Warum Jaqueline Badran den Eigenmietwert plötzlich nicht mehr abschaffen will – und wer sonst seine Meinung auch geändert hat
Jetzt ist auch die «bestmögliche Lösung» nicht mehr gut genug. Jaqueline Badran spricht sich gegen die Abschaffung des Eigenmietwerts aus – obwohl sie in der Parlamentsdebatte noch dafür war. In einem gewohnt wortreichen Interview mit dem «Tages-Anzeiger»führt die SP-Nationalrätin ihre Meinungspirouette aus. Der Systemwechsel sei zwar konsequent, die Vorlage führe aber zu grossen Steuerausfällen und bringe den Mietenden nix. Oder wie es Badran sagt: «Es ist eine ambivalente Geschichte.»
Da hat die «Immobilien-Ikone», wie sie SRF jüngst nannte, einen Punkt. Die Geschichte der Abschaffung des Eigenmietwerts ist voll von solchen Ambivalenzen. Beginnen wir bei Badran: Die jetzige Vorlage kam unter anderem auch dank ihr zustande. In der Kommission setzte sich am Schluss eine Mitte-links-Mehrheit durch – inklusive der Zürcher Nationalrätin.
Während FDP und SVP gerne mehr Abzugsmöglichkeiten beibehalten hätten, setzte eine Allianz aus Mitte, Grünliberalen, SP und Grünen auf den konsequenten Systemwechsel mit dem fast vollständigen Wegfall der Abzugsfähigkeiten. Mittlerweile haben SP und Grüne die Nein-Parole beschlossen, die Grünliberalen entschieden sich für Stimmfreigabe.
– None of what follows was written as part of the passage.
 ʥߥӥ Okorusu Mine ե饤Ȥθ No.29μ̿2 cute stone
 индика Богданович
Maximalforderungen aufstellen
Dafür schlossen sich auf der anderen Ratsseite die Reihen. Die FDP und die SVP wollten ursprünglich deutlich weiter gehen. Trotz Wegfall des Eigenmietwerts sollten Schuldzinsen zumindest teilweise weiter abgezogen werden. Auch der Hauseigentümerverband, der sich nun mit einer Millionenkampagne für die Abschaffung einsetzt, präferierte Varianten, bei denen etwa Zweitwohnungen ausgeklammert und dafür Hypozinsen weiter zum Abzug gebracht werden könnten. Unter anderem sei die neue Lösung«administrativ äusserst aufwendig».
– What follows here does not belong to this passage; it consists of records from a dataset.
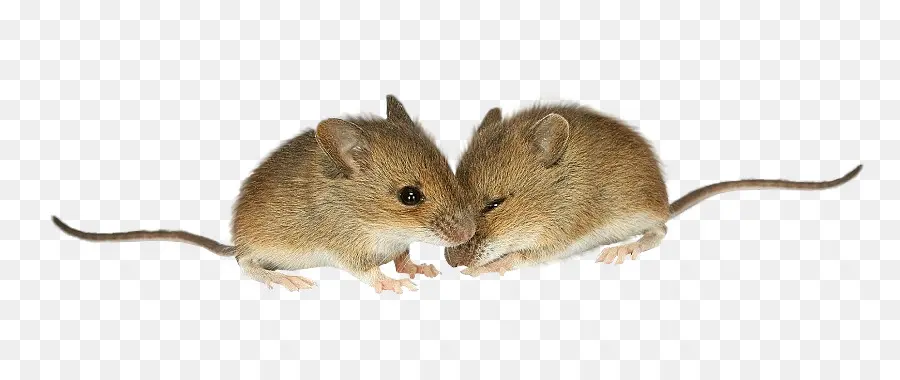 Mouse，Rat PNG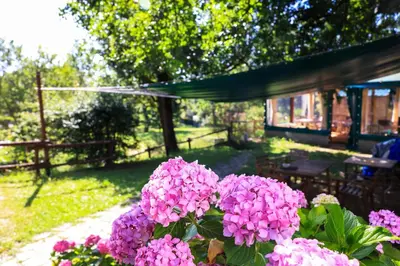 Giardino di B&B Cadrecca Tra Terra Luna e Mare
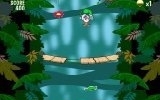 Jungle bounce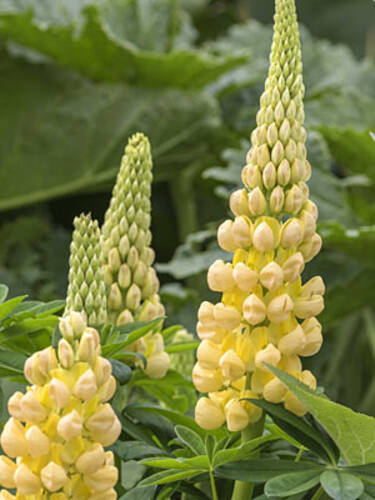 Hauptbild des Artikels "  Lupine Kronleuchter (gelb)"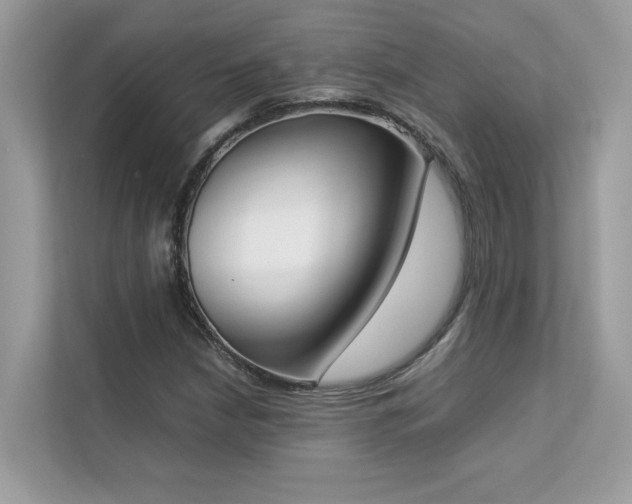 X0000112851210200908211253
Auch das gehört zum politischen Spiel: Maximalforderungen aufstellen und so einen Kompromiss erhalten.
Spannend an der jetzt vorliegenden Variante ist, dass unter Umständen genau jene Kreise, die nun das Ansinnen ablehnen, die Vorlage überhaupt erst mehrheitsfähig gemacht haben. Hätten sich die bürgerlichen Kräfte durchgesetzt und die Abzugsmöglichkeiten behalten, wäre es an der Urne deutlich schwieriger geworden –die Steuerausfälle wären noch grösser ausgefallen. Und wären die Zweitwohnungen ausgeklammert worden, so gäbe es verfassungsrechtliche Bedenken. Beides Einwände, die der Gegnerschaft zusätzlichen Auftrieb bei einer Abstimmung verschafft hätten.
Plötzlich ein «gangbarer Weg»
Der Positionsabtausch hat bereits auf den letzten Metern der Parlamentsdebatte eingesetzt. Während sich die Linken von «ihrem» Kompromiss abwandten, stimmten die Bürgerlichen genau jener Variante zu, die ihnen vorher zu wenig weit ging. Von einer «einmaligen Chance», sprach etwa Martin Hübscher von der SVP. Er halte den Kompromiss für einen «gangbaren Weg», sagte Beat Walti (FDP).
Bei der SP überwogen dagegen plötzlich «die Probleme, welche die Reform schafft», wie Samuel Bendahan ausführte. Das jetzt sei zwar die «am wenigsten schlechteste Variante», aber sie überzeuge die Sozialdemokratie nicht. Mitte-Nationalrat Markus Ritter gab sich erstaunt, ob dem Sinneswandel: «Wir haben sieben Jahre darauf hingearbeitet, dass wir eine breit abgestützte, mehrheitsfähige Vorlage hinbekommen.» Es brauche «die ganze Breite des Rates», so Ritter. Offensichtlich ohne Erfolg.
Oder wie Jaqueline Badran es formulieren würde: «Es ist eine ambivalente Geschichte.»